C Proper 6 11 Ord BFC 2016
Galatians 2
June 12, 2016
As many of you
know, I consider Rabbi Sharon Brous, leader of the IKAR community in Los
Angeles, one of my unilateral spiritual directors. Unilateral in that the only give and take has
been her gracious response to a few emails I have sent her way. I
consider her one of our country’s spiritual leaders. When I listen to her podcasts, my heart is
fully open to hear the Truth—richly, fully.
Rabbi Brous’s
writing and preaching spawn courage in me, articulate things I already know,
and work out the Heart of God for me.
But several weeks ago I listened in on one of the podcasts in which she
asked Reza Aslan, Western Muslim intellectual and author, to reflect on the
state of the world’s affairs for her Jewish congregation. I have heard Mr. Aslan on CNN and listened to
his summation of the book he wrote about the historical Jesus, Zealot.
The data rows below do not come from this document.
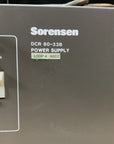 Sorensen DCR 80-33B Industrial 0-80V 0-30A DC Power Supply 4U Rackmount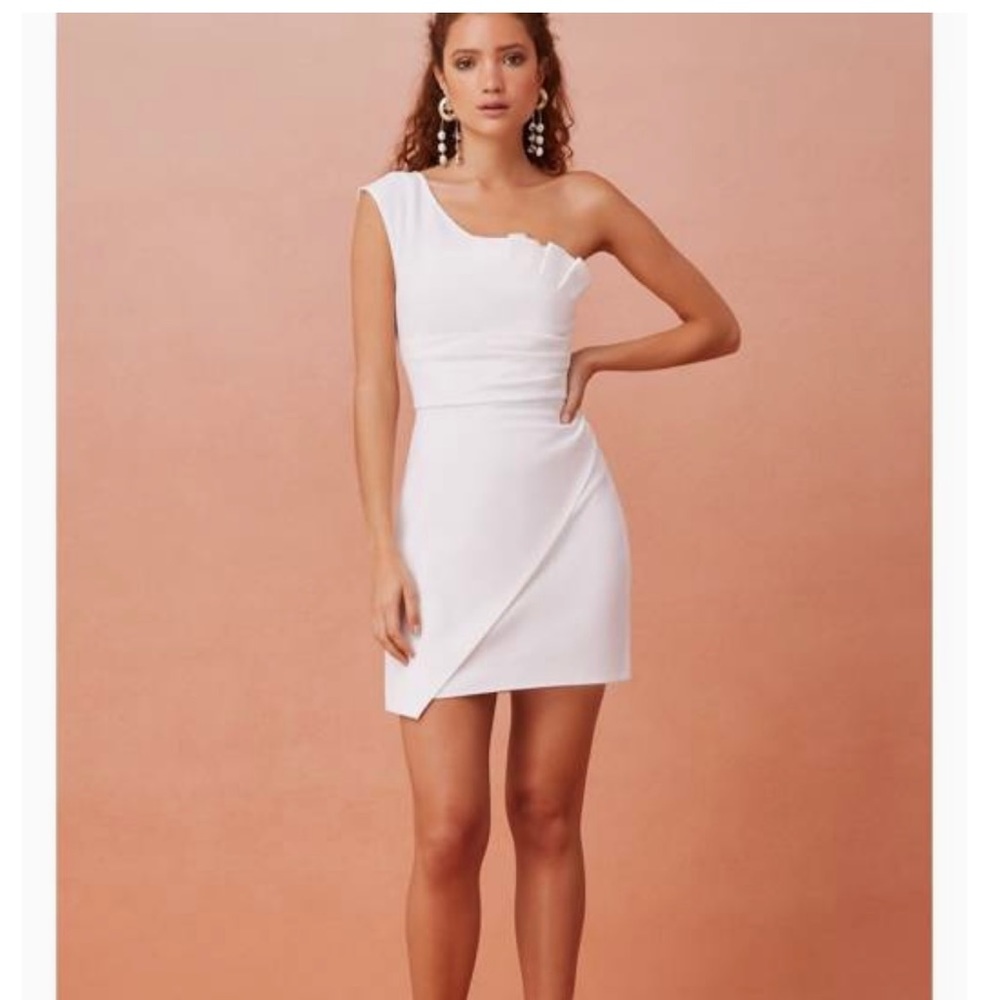 Keepsake Everywhere Mini Dress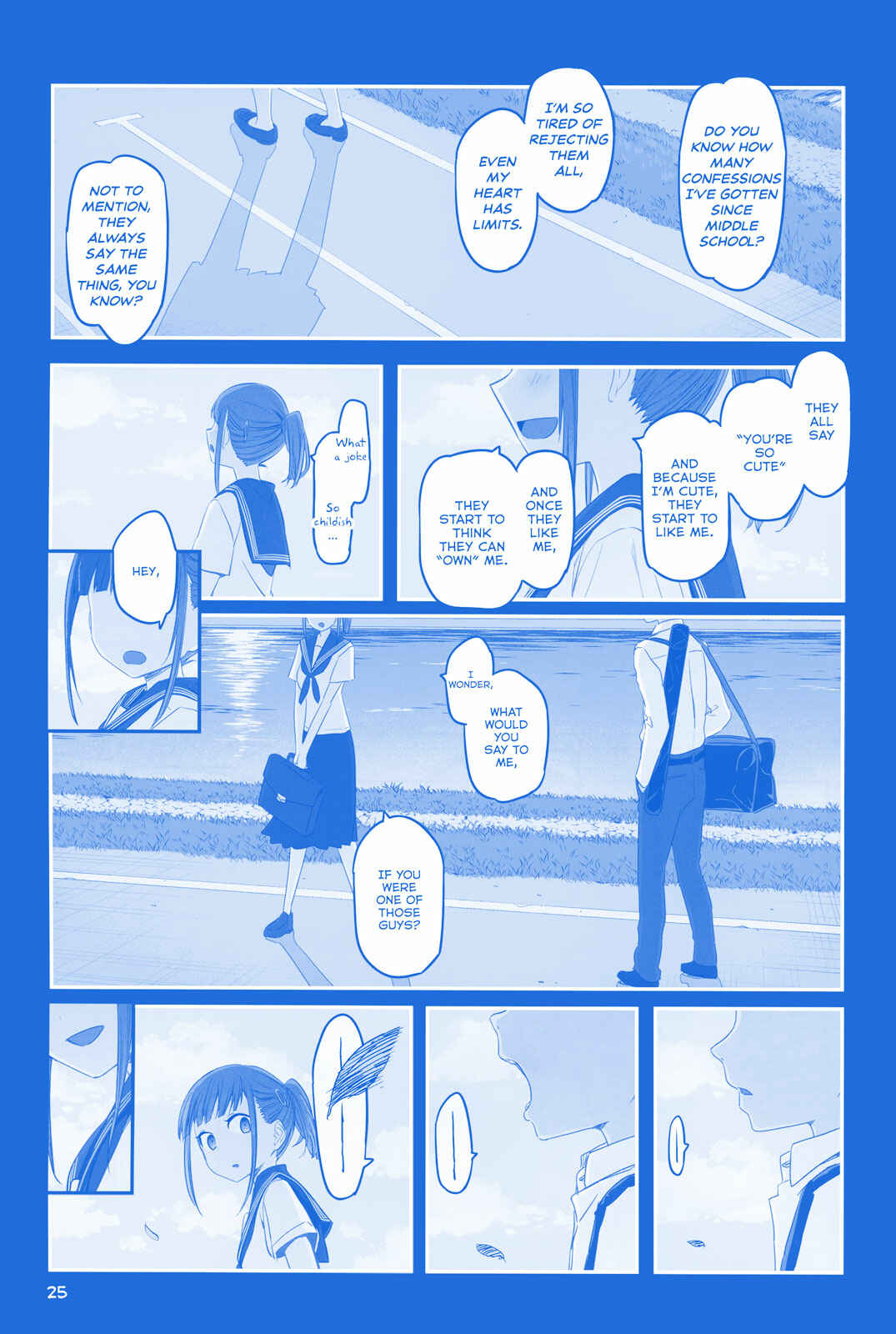 Getsuyoubi no Tawawa  (Twitter Webcomic) Chapter 16 - Page 1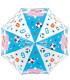 CHILDREN'S HAND UMBRELLA BELL PEPPA PIG - GEORGE TRANSPARENT 2 COLORS - CHILDREN'S UMBRELLAS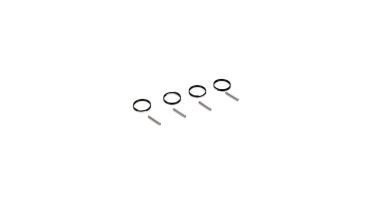 Losi CV Pin Retainer Clip & 11mm Pins HD: CCR, NCR - LOSA3199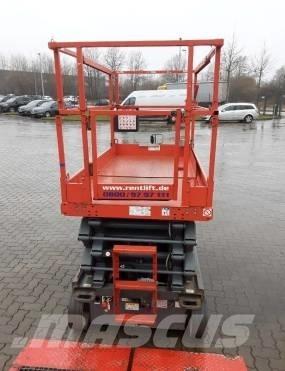 SkyJack SJ III 4632 Škaraste platforme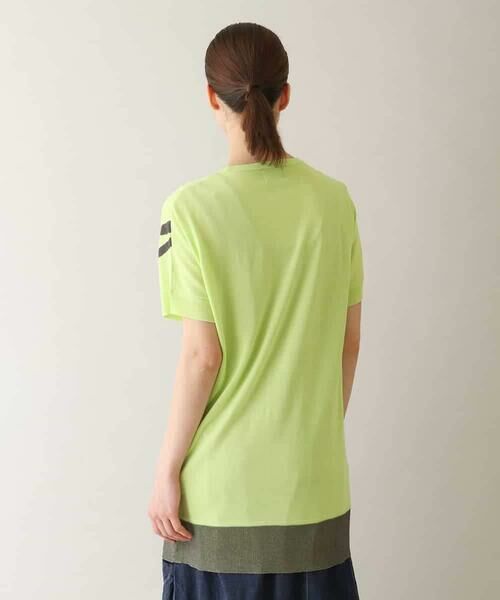 HIROKO KOSHINO / ヒロココシノ ニット・セーター | ネコモチーフロゴニットプルオーバー/洗える | 詳細2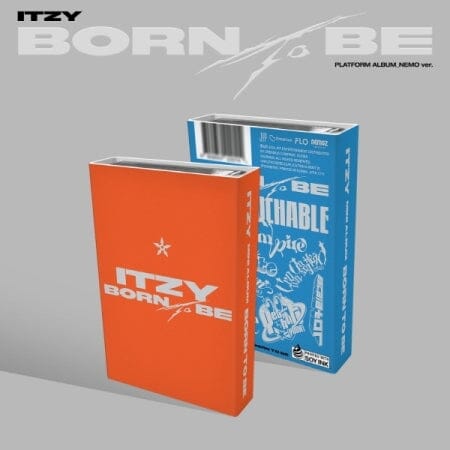 ITZY - BORN TO BE (PLATFORM ALBUM_NEMO VER.) Nolae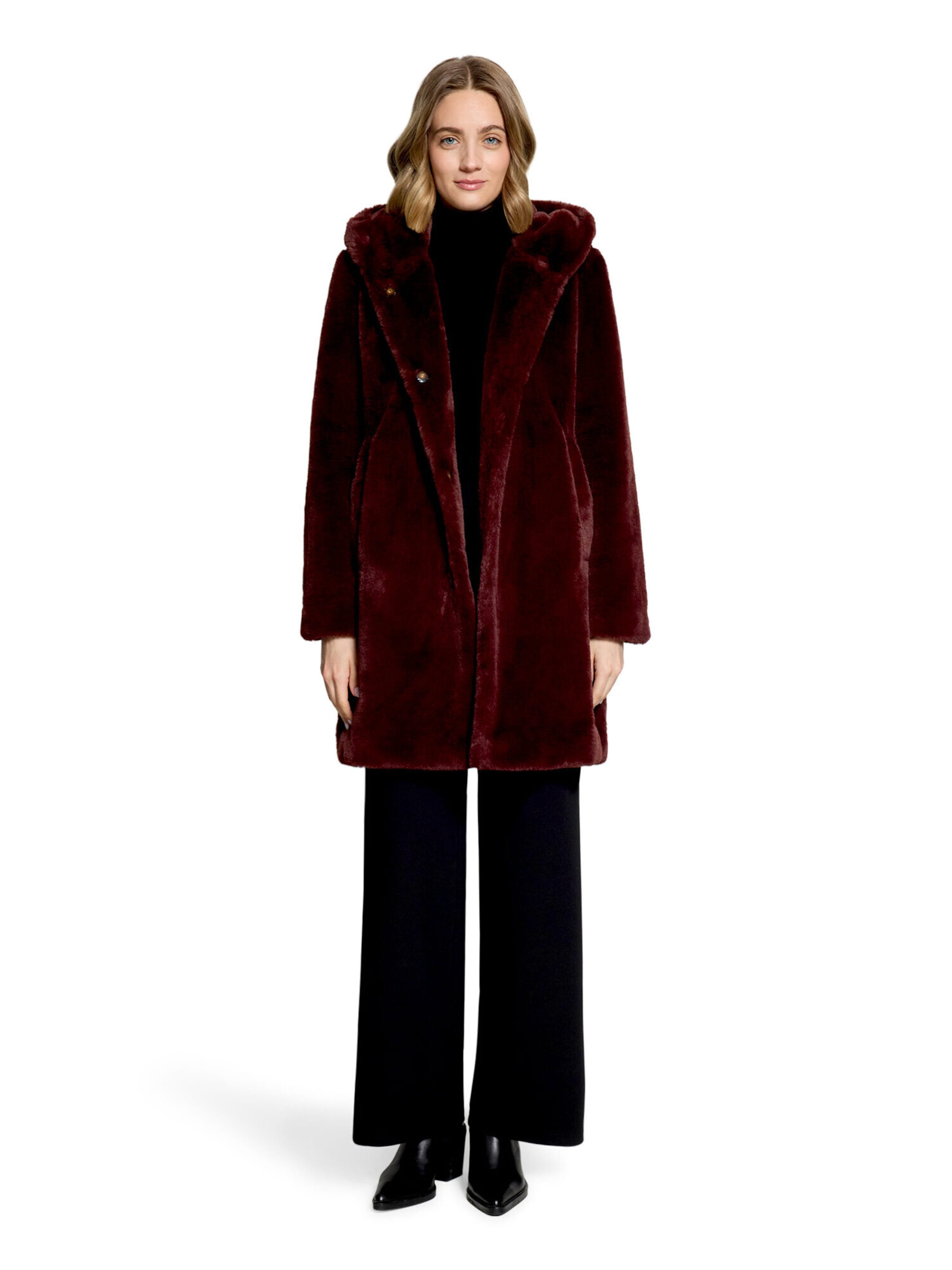 Cappotto di mezza stagione di Betty Barclay in rosso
Though I disagree with some of Aslan’s conclusions, I appreciate and
welcome his thoughtful work on faith and religion. That is, until I heard the podcast. And the podcast led me to a place of despair
and hopelessness.
Reza Aslan was
asked to define the people behind and involved with Al Quaeda and Isis, these
two Muslim groups who use terror and violence to make their way in the
world. While Aslan said that we knew
what Al Quaeda was all about because it is a group filled with intellectuals,
which has been around, and taken pains to print their beliefs and
understandings, ISIS is too recent, unschooled, and seemingly not as concerned
with sharing their beliefs with the rest of the world. Then came an unfortunate turn. Mr. Aslan stated that what we are finding out
is that the understandings and theology of ISIS, an ideology which is broader
than nationalism, has no value or hope for life on this planet. So Aslan, argued, ISIS’s theology puts them
in a place where there is no negotiation.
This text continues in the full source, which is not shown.